The Black Sea is a de facto war zone, with the upside of encouraging investment
in overland infrastructure and the downside of making maritime trade more expensive.
As crucial as
European developments are, China and its internal stability may be the more
significant economic challenge in 2023. Facing growing protests late in the
year, the Chinese government abandoned its zero-COVID policy with no apparent
plan B. Official data is sparse and unreliable, and local and regional
governments have been put in charge of managing the situation.

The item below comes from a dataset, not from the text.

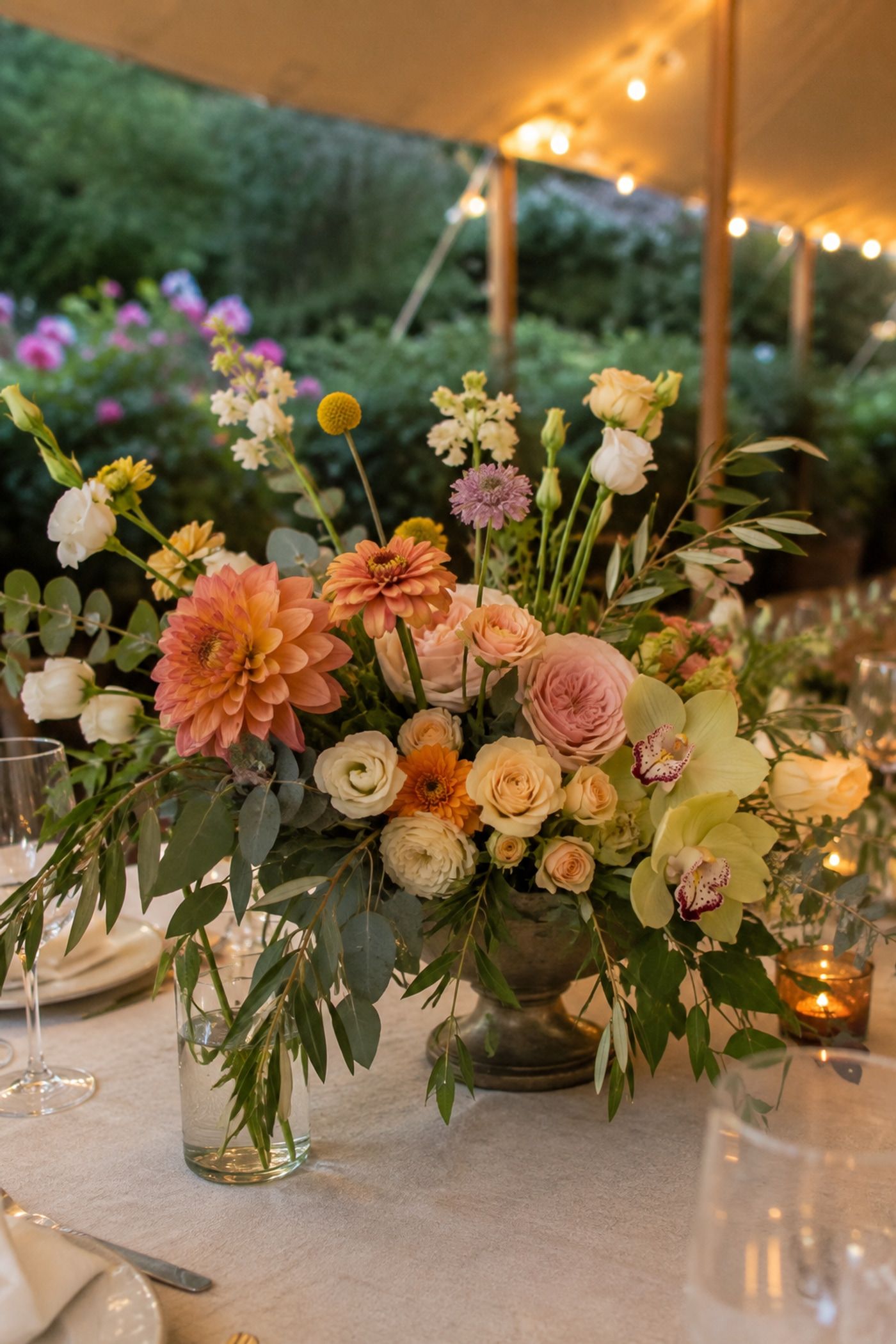 Heat-tolerant flowers for warm-weather centerpieces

It is unclear
whether this will become a headache for Chinese leader Xi Jinping, especially
since it falls between the start of the political transition in November and
its end in March when most officials will have their new posts confirmed.
Meanwhile, the United States is escalating its trade war with China.
The result will
likely be a fragile economic recovery for China in 2023. The enduring weakness
of the real estate sector has outweighed positive impulses in other economic
areas, and fear of a financial crisis weighs on private investment. Increasing
youth unemployment adds a dangerous element to the mix. Beijing has taken steps
recently to solve the real estate sector’s liquidity crisis, but it needs
political stability for the measures to be effective.
This is not good news
for the global economy. As much as the West would like to be shielded from
events in China, Europe, and the U.S. still depend on Chinese manufacturing
essential inputs. Chinese lockdowns created kinks in supply chains, and the
country’s political and economic instability could prolong them. Consumption
and industrial activity in the U.S. and Europe are already in retreat, and
there’s no end to the energy crisis. A crisis in China would only make things
worse.
The sanctions imposed
by the West on Russia after its invasion of Ukraine precipitated a shift in
Russia’s trade patterns. The sanctions were meant to cut off economic ties with
Russia in Europe, but a complete severance was nearly impossible. As such, companies
in some sectors continued to do business with Russian firms at reduced levels
and at a more significant expense. The energy sector was hit particularly hard
by the changes. Energy prices soared, which had ripple effects for the rest of
the economy. The spike in the cost of Russian exports – especially oil and
natural gas – meant that the value of these exports to Europe increased. Still,
notably, the volume of Russian deliveries declined.
Notably, the value of
Slovenia’s and Luxembourg’s imports from Russia appears to have increased much
more than that of other European countries. This can be explained by the fact
that Russian exports to Slovenia are mostly energy products, and Russian
exports to Luxembourg are mainly metallurgical products, whose price is highly
dependent on energy costs.
As a result, the
overall value of Russian exports to Europe was higher in 2022 than in 2021,
despite Russia having sold fewer goods and services to European markets last
year. While the volume of exports of Russian raw materials to Europe has
fluctuated, exports in other segments are dropping, marking a shift that will
likely last for months and years to come as Europe finds alternatives.